What you need to do
I would like the lines below, from the one with "Renault CAPTUR 13-19 Fönsterhiss El Kompl" through the one with "Elegant Edge Gold Bangles", copied exactly and without any pictures.

Image-text web data
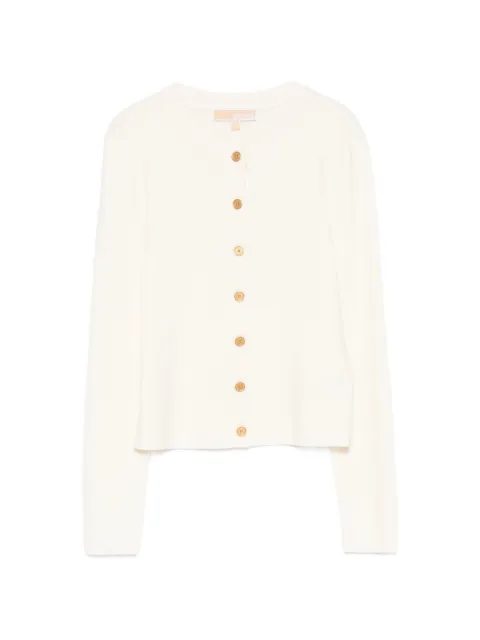 Michael Kors button-up ribbed cardigan Neutrals MT5617W4VR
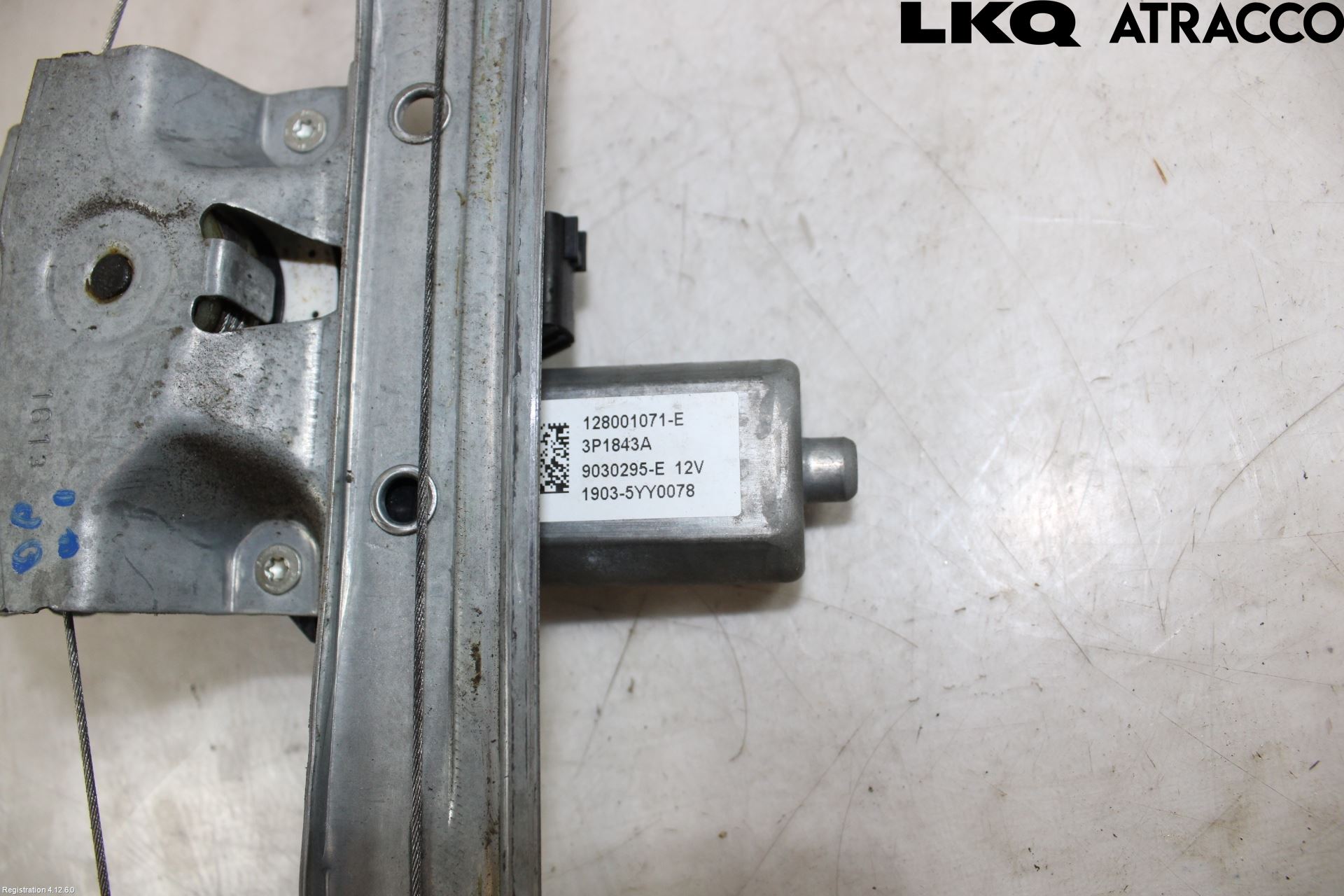 Renault CAPTUR 13-19 Fönsterhiss El Kompl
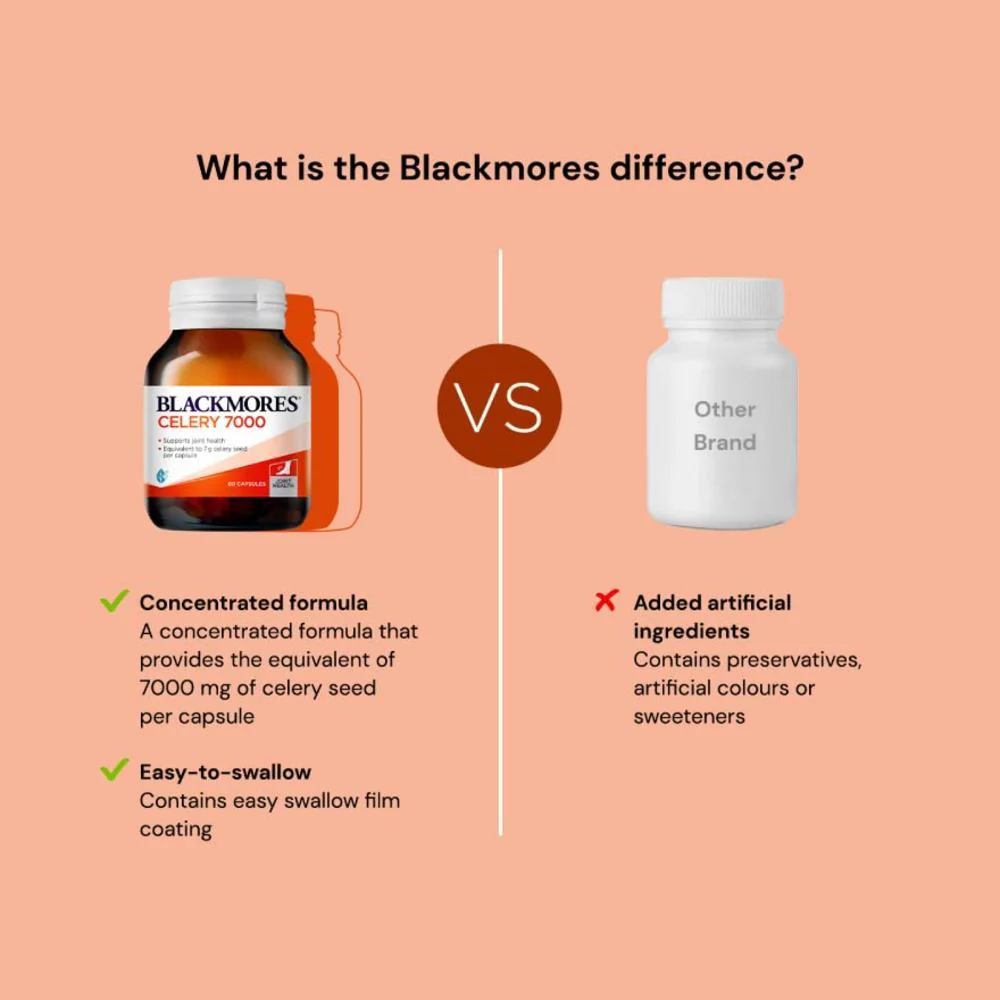 BLACKMORES High Strength Celery 7000mg 40 Tablets - Image 4
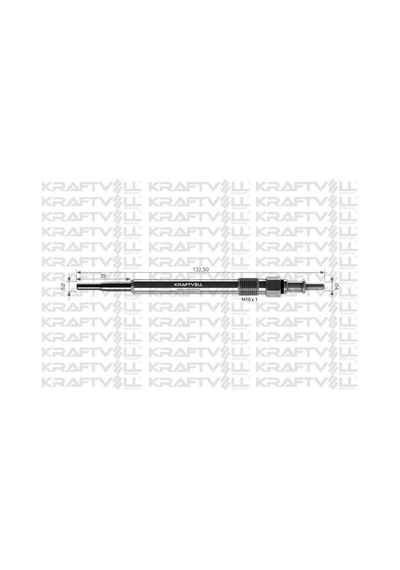 Kraftvoll 05030080 Kızdırma Bujisi W204 07-09 S204 07-09 W211 06-08 S211 06-08 A0011596801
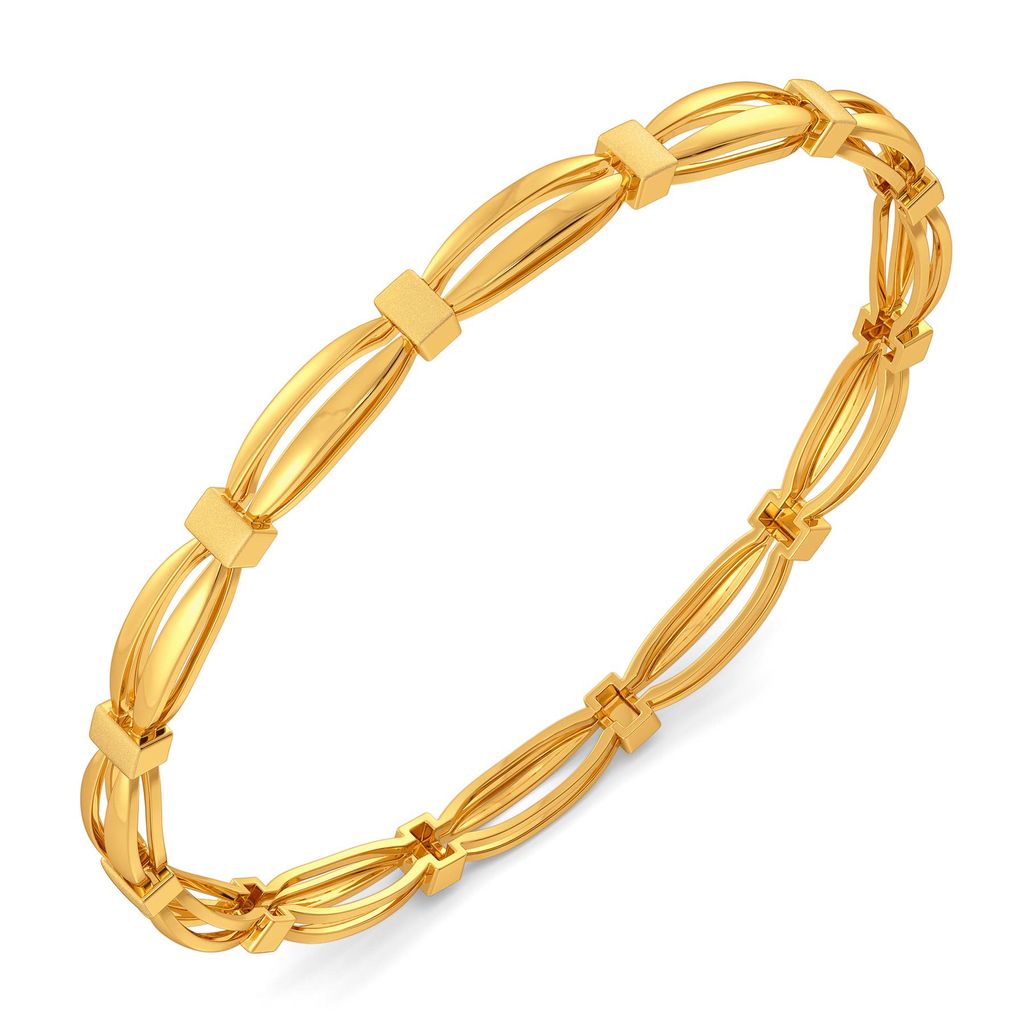 Elegant Edge Gold Bangles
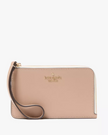 KATE SPADE  Lucy Small Card Holder Wristlet (Arriving In Delhi) - Toasted Hazelnut Multi image
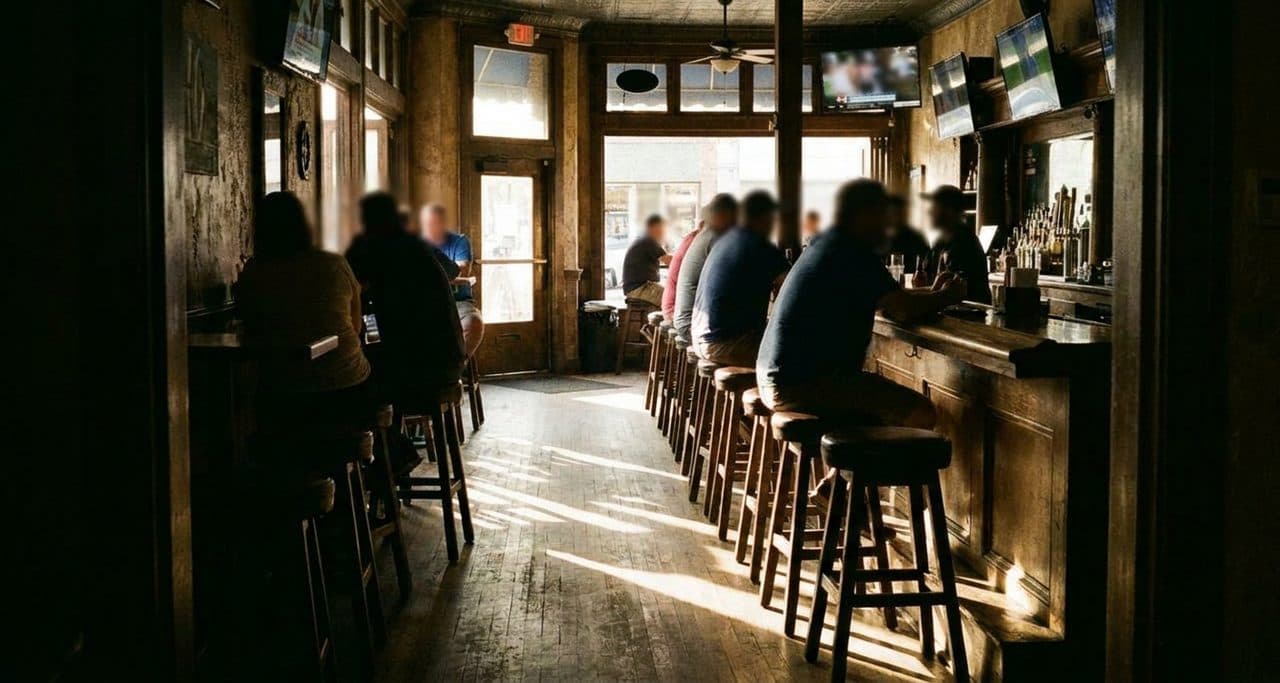 A Fordham Sports Bar Betting on Wilson's Giants Season - scene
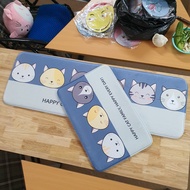 Thảm Bếp Cực Êm Dày 12Mm Chất Liệu Bọt Biển Thấm Hút Tốt Chống Trơn Trượt Hiệu Quả 40X60 + 40X120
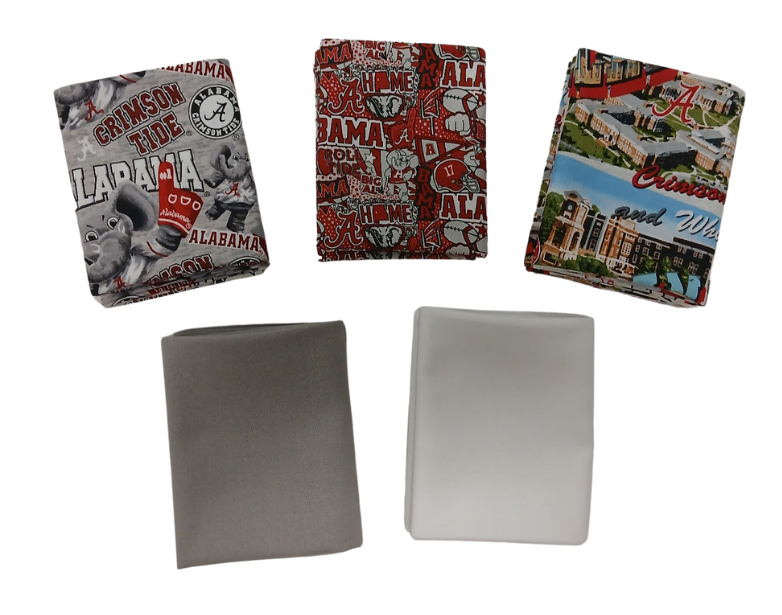 Alabama Crimson Tide - Fat Quarter Bundle - 10 pack (Big Al)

Solution for this exercise
 Renault CAPTUR 13-19 Fönsterhiss El Kompl
 BLACKMORES High Strength Celery 7000mg 40 Tablets - Image 4
 Kraftvoll 05030080 Kızdırma Bujisi W204 07-09 S204 07-09 W211 06-08 S211 06-08 A0011596801
 Elegant Edge Gold Bangles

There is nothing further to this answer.